A list of things Carmen Sandiego has stolen.
>The Khyber Pass
>The Steps To The Tango
>Uluru
>The Baton Used To Lead The Vienna Boys Choir
>The Fish From Half Of Lake Titicaca
>The Plans For This Year’s Carnival
>The Silver Pagoda
>The Game Winning Puck From The First Stanley >Cup Championship
>The Strait Of Magellan
>The Keys To The Forbidden City
>Havana’s Best Cigars
>Hans Christian Andersen’s Writing Desk
>The Nile River Delta
>The Gargoyles From Notre Dame Cathedral
>The Keys From Beethoven’s First Piano
>The Olympic Flame
>The Best Coffee
>All The Goulash
>Geysir
>Gandhi’s Glasses
>The Island Of Bali
>The Presidential Palace’s Finest Rug
>The Salt From The Dead Sea
>The Sistine Chapel’s Ceiling
>The Snow From Atop Mt Fuji
>Nairobi International Airport
>Every Last Drop Of Salsa
>Casablanca
>The Abominable Snowman
>The Dykes
>All The Kiwi Birds
>The Delta Of The Niger River
>K2
>The Controls For The Panama Canal
>The Headwaters Of The Amazon River
>A Monkey-Eating Eagle
>The Trans-Siberian Railroad
>The Middle Of The Trans Arabian Pipeline
>The Statue Of Sir Stamford Raffles
>The Cape Of Good Hope
>The Secret Recipe For Kimchee
>The Bulls From Pamplona

Fighter

Gilgamesh, Achilles, Thor, King Arthur, fighter has so many great options.

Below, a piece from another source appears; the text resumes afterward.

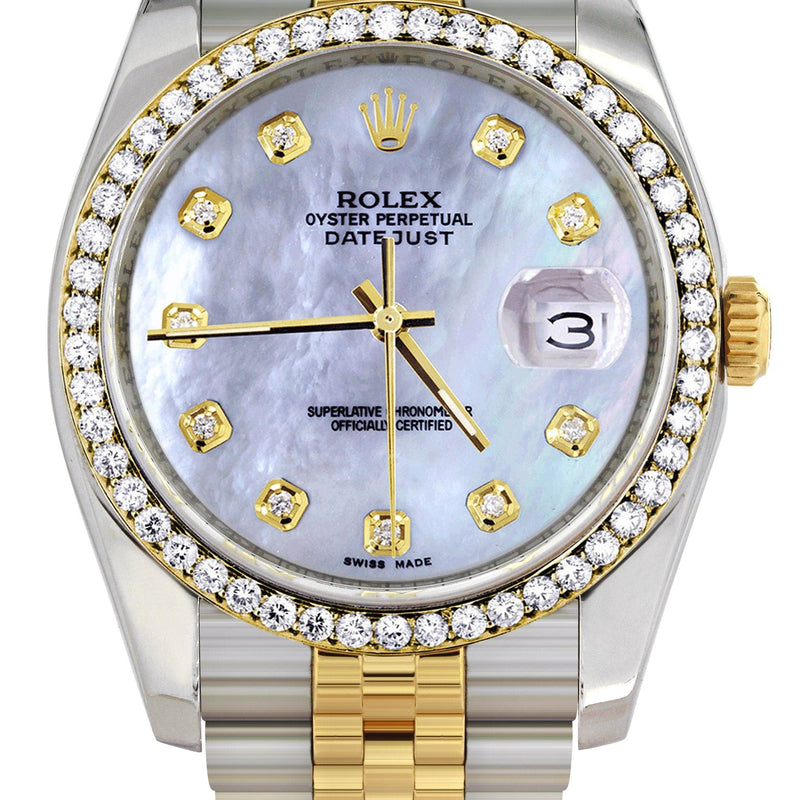 116233 | Hidden Clasp | Two Tone Rolex Datejust Watch | 36Mm | Mother of Pearl Dial | Jubilee Band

Edgelord 10/Plot Device 20

Bard

youtube.com/watch?v=qaCMpiOhzps

Mary Sue

That's true. The old Robert E. Howard stories have Conan fighting all kinds of weird shit.

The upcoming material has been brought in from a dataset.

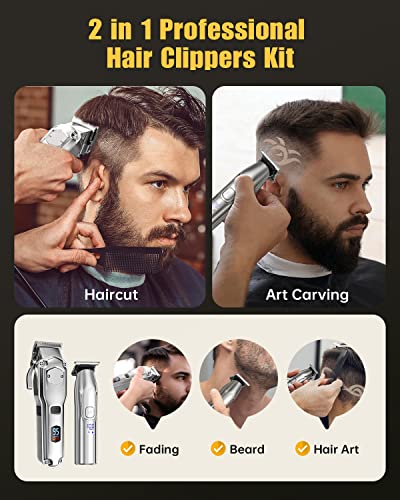 Romanda Hair Clippers For Men Professional,Clippers For Hair Cutting,Cordless Hair Clippers Kit,Mens Clippers And Trimmer Set #TOP1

This is why she'll always be the best thief. Her priority is, obviously, never value, only the act of theft itself. She steals things that are basically arbitrary, and suit her fickle moods for the day. She steals to steal, and for no other reason.

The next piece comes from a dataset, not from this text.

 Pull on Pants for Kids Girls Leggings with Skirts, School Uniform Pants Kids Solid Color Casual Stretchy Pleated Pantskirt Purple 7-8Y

>She literally stole a dance

Yeah, best thief.

You're both wrong, the best fighter is Diomedes.

>The Dykes
All of them?

You somehow forgot "a fucking language."

That's like exactly what it says. A lvl infinity wizzard.

Name a wizard who has saved Australia even once, let alone the whole world multiple times. You can't. Worst lvl infinity wizzard >>> best lvl infinity wizard. He's. Just. That. Good.

A fairly decent bard?

This.

Why does everyone remember fucking Achilles who was an invincible mary sue rapist, instead of Diomedes was a decent enough guy (by Iliad standards) and was able to defeat gods with just his mortal strength and fighting prowess

>>Every Last Drop Of Salsa
Chaotic Evil incarnate.

Diomedes was Athenian self insert faggotry of the highest order.

Whizzard?

Druid is probably the most difficult to choose because its modern portrayal is almost entirely made up and its actual historical function is more or less aligned with what we consider a cleric.

Because everyone knows of the medusa (and who killed it) but the Iliad is not required reading in high school.

She said it best in the cartoon

"To take what others have"

It really is as pure as that.

Because the story is about Achilles being a figure of a god-like mindset coming back to humanity. Diomedes was capable, but Achilles is a better character.

>mary sue

Oh do grow up.

Rincewind is the anti-Vorbis. Vorbis would take a moment out of his daily schedule of murder, see a tortoise and put it on its back to see what would happen. Rincewind would come running by from something that's undoubtedly about to kill him, but always stop and turn that tortoise back on its feet.

Sergio Aragon e's Groo the wanderer?